Abou-Nagie wegen Betrugs verurteilt

Die Fraktion verweist auf ein Interview Abou-Nagies, in dem er gesagt haben soll, dass er einen Koran für ein bis zwei Euro kauft. Nach Sicht der FDP kaufen dann die Koranverteiler in den Fußgängerzonen die Bücher für bis zu sieben Euro das Stück. Damit sei die Koranverteilung keine Missionierung. Sondern Geschäft. Und damit würden Sozialversicherungsausgaben und Gewerbesteuern fällig.
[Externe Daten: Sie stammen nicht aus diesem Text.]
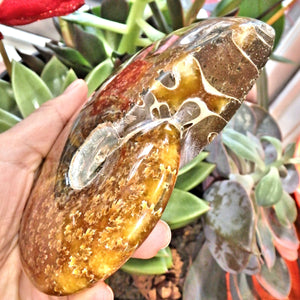 Leafy Patterns Large Partially Polished Amber & Brown Ammonite Fossil From Madagascar - Earth Family Crystals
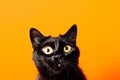 Funny surprised cat isolated on bright orange background. Studio portrait of a cat with amazed face. Royalty Free Stock Photo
Das sind Vermutungen. Belegt ist aber, dass Abou-Nagie es mit der Ehrlichkeit nicht so genau nimmt. Im Februar wurde er wegen gewerbsmäßigen Betrugs beim Bezug von Hartz-IV-Leistungen verurteilt. Er soll 53.000 Euro zu Unrecht kassiert und Konten und Nebeneinkünfte verschwiegen haben.

"Salafisten ziehen muslimische Gemeinschaft in den Dreck"

Stamp hofft, dass die anderen Fraktionen im Landtag bei seinem Verbotsantrag mitziehen. „Es geht nicht, dass die DWL ganz offen Menschen radikalisiert. Und es geht nicht, dass die Salafisten so die muslimische Gemeinschaft als Ganzes in den Dreck ziehen“, sagt er.

"Es geht mir ausdrücklich nicht darum, dass in Deutschland keine Koranexpemplare mehr verteilt werden dürfen. Es geht mir darum, dass keine Terrororganisation das ausnutzt."